A Taïwan, les passeports jouent à cache-cache
C’est un graphiste de Taichung, Dennis Chen [陳致豪], qui a lancé ce set d’autocollants destinés à « taïwaniser » les passeports nationaux. « Nous voulons rappeler aux gens que reconnaître la République de Chine, c’est accepter que Taiwan soit un jour annexé par la Chine, car il ne peut y avoir qu’une seule Chine dans le monde », explique-t-il. Le message est sans ambiguïté : Taïwan est occupé par la République de Chine et doit recouvrer sa liberté — une position typique du mouvement pour l’indépendance de Taïwan (soit en faveur d’une déclaration formelle d’indépendance sous le nom de République de Taïwan).

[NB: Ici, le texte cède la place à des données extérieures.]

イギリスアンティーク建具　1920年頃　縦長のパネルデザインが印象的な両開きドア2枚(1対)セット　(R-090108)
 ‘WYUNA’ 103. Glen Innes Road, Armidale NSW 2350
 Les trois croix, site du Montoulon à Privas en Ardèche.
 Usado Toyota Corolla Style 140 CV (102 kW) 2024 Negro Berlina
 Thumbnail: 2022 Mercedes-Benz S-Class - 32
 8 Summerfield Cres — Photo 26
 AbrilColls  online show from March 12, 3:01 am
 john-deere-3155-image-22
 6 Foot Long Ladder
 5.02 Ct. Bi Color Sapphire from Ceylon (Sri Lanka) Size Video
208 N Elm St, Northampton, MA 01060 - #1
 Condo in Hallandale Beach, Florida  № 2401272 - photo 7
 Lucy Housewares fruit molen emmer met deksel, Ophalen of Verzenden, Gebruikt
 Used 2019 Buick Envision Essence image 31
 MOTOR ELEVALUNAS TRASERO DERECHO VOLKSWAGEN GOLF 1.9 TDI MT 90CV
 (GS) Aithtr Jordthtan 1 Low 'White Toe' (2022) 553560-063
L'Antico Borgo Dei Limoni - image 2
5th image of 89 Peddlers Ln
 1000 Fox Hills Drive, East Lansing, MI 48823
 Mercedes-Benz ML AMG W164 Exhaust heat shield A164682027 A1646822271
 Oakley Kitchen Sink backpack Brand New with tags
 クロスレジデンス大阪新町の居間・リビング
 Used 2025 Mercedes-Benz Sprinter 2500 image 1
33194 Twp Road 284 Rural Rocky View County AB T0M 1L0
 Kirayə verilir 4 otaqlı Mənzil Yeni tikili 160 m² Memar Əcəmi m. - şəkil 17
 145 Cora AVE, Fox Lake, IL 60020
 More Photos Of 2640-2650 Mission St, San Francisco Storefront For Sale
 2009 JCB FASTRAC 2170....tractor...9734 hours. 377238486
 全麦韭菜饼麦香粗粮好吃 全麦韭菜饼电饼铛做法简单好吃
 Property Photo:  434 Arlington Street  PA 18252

A plusieurs reprises ces dernières semaines, le ministère des Affaires étrangères a rappelé qu’altérer un passeport est illégal et a mis en garde contre une campagne pouvant « porter atteinte à la crédibilité internationale des passeports issus par la République de Chine et au droit à circuler de ses ressortissants ».
Déjà, en décembre 2012, le Parti démocrate-progressiste (DPP), alors présidé par l’ancien Premier ministre Su Tseng-chang [蘇貞昌], avait imprimé 20 000 autocollants « Taiwan Is My Country » et incité les Taïwanais à en couvrir la couverture de leur passeport. Il s’agissait à l’époque de protester contre l’annonce par Pékin d’un nouveau modèle de passeport qui comportait une carte intégrant Taïwan et les îles de la Mer de Chine méridionale au territoire national chinois. A travers cette campagne, le DPP entendait protester contre « l’absence de réaction du gouvernement vis-à-vis de la décision de Pékin ». Déjà, le ministère des Affaires étrangères avait répondu que recouvrir son passeport d’un autocollant était illégal et pouvait entraîner des problèmes lors du passage en douane à l’étranger.
La polémique sur le passeport refait donc régulièrement surface. Il faut d’ailleurs noter que le mot « Taiwan » ne figure sur la couverture des passeports de la République de Chine — et en anglais seulement — que depuis 2002, une décision prise au cours du premier mandat du président Chen Shui-bian [陳水扁], également issu du DPP, et qui avait alors irrité Washington (sans parler de Pékin).
« Polémique sur l’identité nationale mise à part, si ces autocollants permettent aux Taïwanais de voyager plus facilement en évitant que leurs passeports soient confondus avec ceux de la Chine populaire, c’est une bonne chose », confie même un Taïwanais étudiant à Paris et qui, pourtant, vote d’ordinaire pour le Kuomintang, le parti actuellement au pouvoir et partisan d’une « seule Chine ».
Car c’est bien le point important dans toute cette histoire : quoi qu’ils pensent du mode d’action imaginé par ce graphiste de Taichung, et quelle que soit par ailleurs leur inclinaison politique, les jeunes Taïwanais se considèrent principalement comme « Taïwanais » et non comme « Taïwanais et Chinois » ou « Chinois », un sentiment régulièrement confirmé par les sondages d’opinion. Et que la jeunesse semble de moins en moins incline à tempérer.